Several studies have also investigated the relationship between B vitamins and cognition [25, 27, 28]. A meta-analysis has indicated that B vitamin supplementation was associated with decelerating cognitive decline, particularly in populations who have received early and long-term intervention. Additionally, increased dietary folate intake has been associated with a reduced risk of dementia in people without cognitive impairment [12]. Deficiencies of vitamin B1 can result in heart failure and serious neurologic disorders such as paralysis, ataxia, confusion, and delirium [13, 33, 34]. According to Pourhassan et al., the mean level of thiamine in the blood of patients with delirium was significantly lower than that of controls (p = 0.002) [35]. The research conducted by La Rue et al. also revealed a positive association between the consumption of thiamine in one's diet and abstract reasoning abilities [32]. Our study similarly found the protective effect of vitamin B1 on cognitive function. As dietary vitamin B1 intake increased, cognitive scores (including DSST, AFT, and Z score) increased accordingly (p < 0.001).

Although the mechanism of association between vitamin B1 intake and cognitive decline is unclear, we believe our findings are biologically plausible.

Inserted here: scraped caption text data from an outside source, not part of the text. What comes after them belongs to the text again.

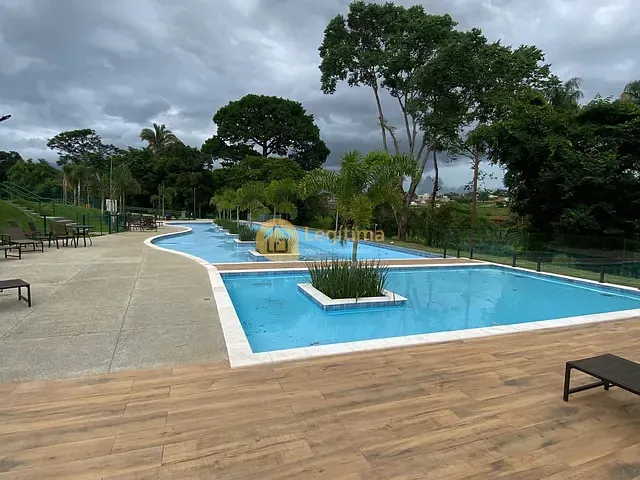 Terreno com 225m², à venda, no bairro Jardins Versalhes em Aparecida de Goiânia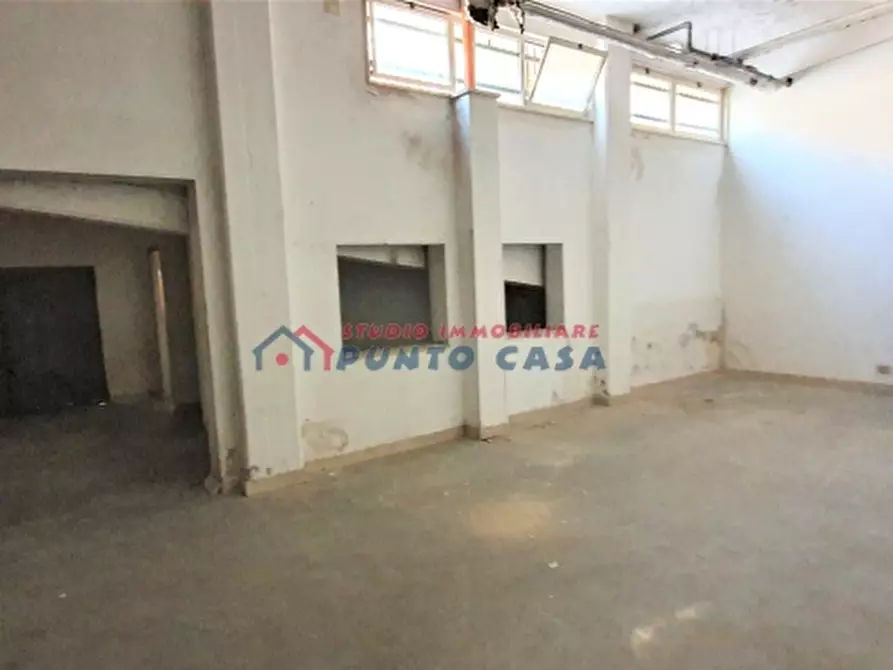 Immagine 3 di Negozio in affitto  in Via Tunisi a Trapani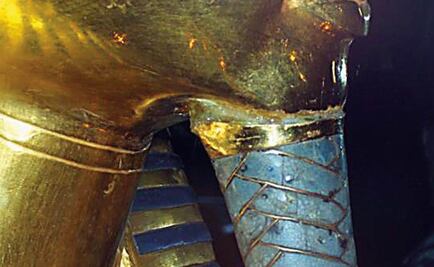 Restaurarán daños en máscara mortuoria de Tutankamón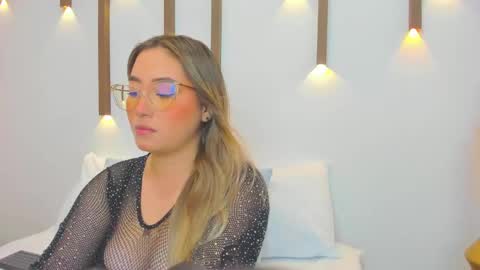 A N T O N E L L A  online show from February 18, 12:06 pm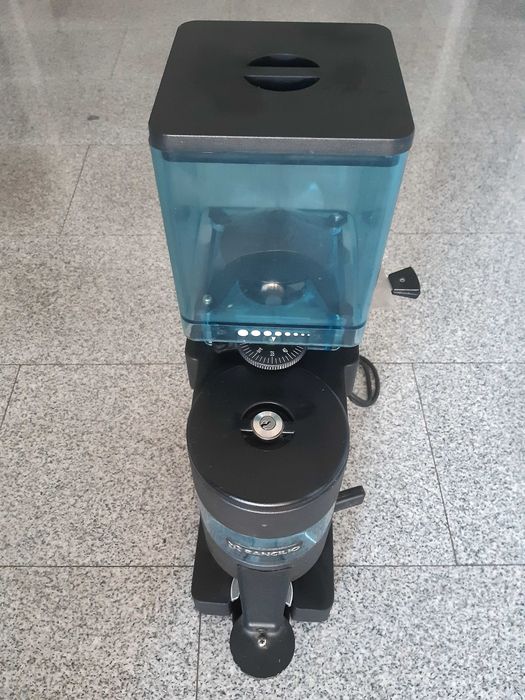 Rasniță profesională cafea boabe Rancilio MD 50/AT plus dedurizator LT 5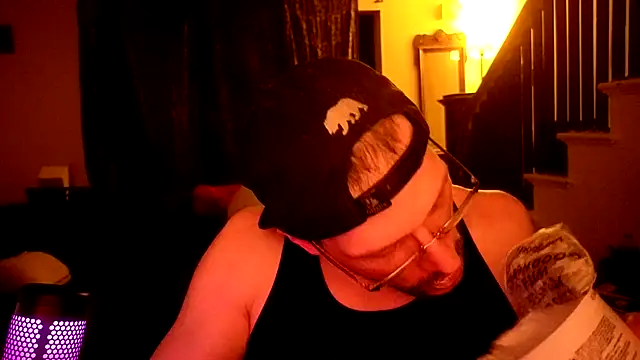 Živá chatovací místnost MasterDaddyCool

Previous studies have demonstrated that thiamine deficiency elicits anorexia through the inhibition of the hypothalamic adenosine monophosphate-activated protein kinase signal pathway and disruption of neuroendocrine feedback control over food intake and energy metabolism, which may be related to malnutrition and insufficient thiamine intake in AD patients [36, 37]. Ramamoorthy et al. pointed out the role of neuroinflammation in the dysfunction of thiamin transporters (mediated via transcriptional mechanisms) and suggested optimizing thiamin levels in the brain of AD patients [37]. Vitamin B1 deficiency leads to reduced activity of acetylcholine synthase choline acetyltransferase, and neurogenesis, inducing excessive glutamate release and selective death of the subthalamic midline nucleus, which is involved in brain inflammation and oxidative stress [14].

In this study, we used a multidimensional, comprehensive approach to assess cognitive function, including the CERAD-DRT, CERAD-IRT, DSST, AFT, and z score [38]. Furthermore, confounding variables were adjusted by previous studies and conducting thorough analyses. Additionally, a dose–response analysis was conducted to investigate the potential relationship between vitamin B1 intake and cognitive function. In spite of that, there were several limitations in our study. Firstly, due to the cross-sectional nature of this study, we could not determine the temporal association between vitamin B1 and cognitive function. Additional randomized controlled studies are needed to confirm the findings. Secondly, despite comprehensive adjustments for potential covariates, the presence of reverse causality and residual confounding cannot be entirely ruled out. Certain covariates may possess new indicators that were not considered in this study. Thirdly, as the dietary data for vitamin B1 were collected from self-reported 24-h diet reviews, there might be some measurement and recall errors. Finally, additional research is required to determine whether the current findings can be extrapolated to other populations based on this study of U.S. adults.

Conclusions

In conclusion, among a representative national sample of US adults, vitamin B1 intake was associated with cognitive performance. Our findings may provide support for further largescale prospective studies to elucidate the exact causality of this relationship.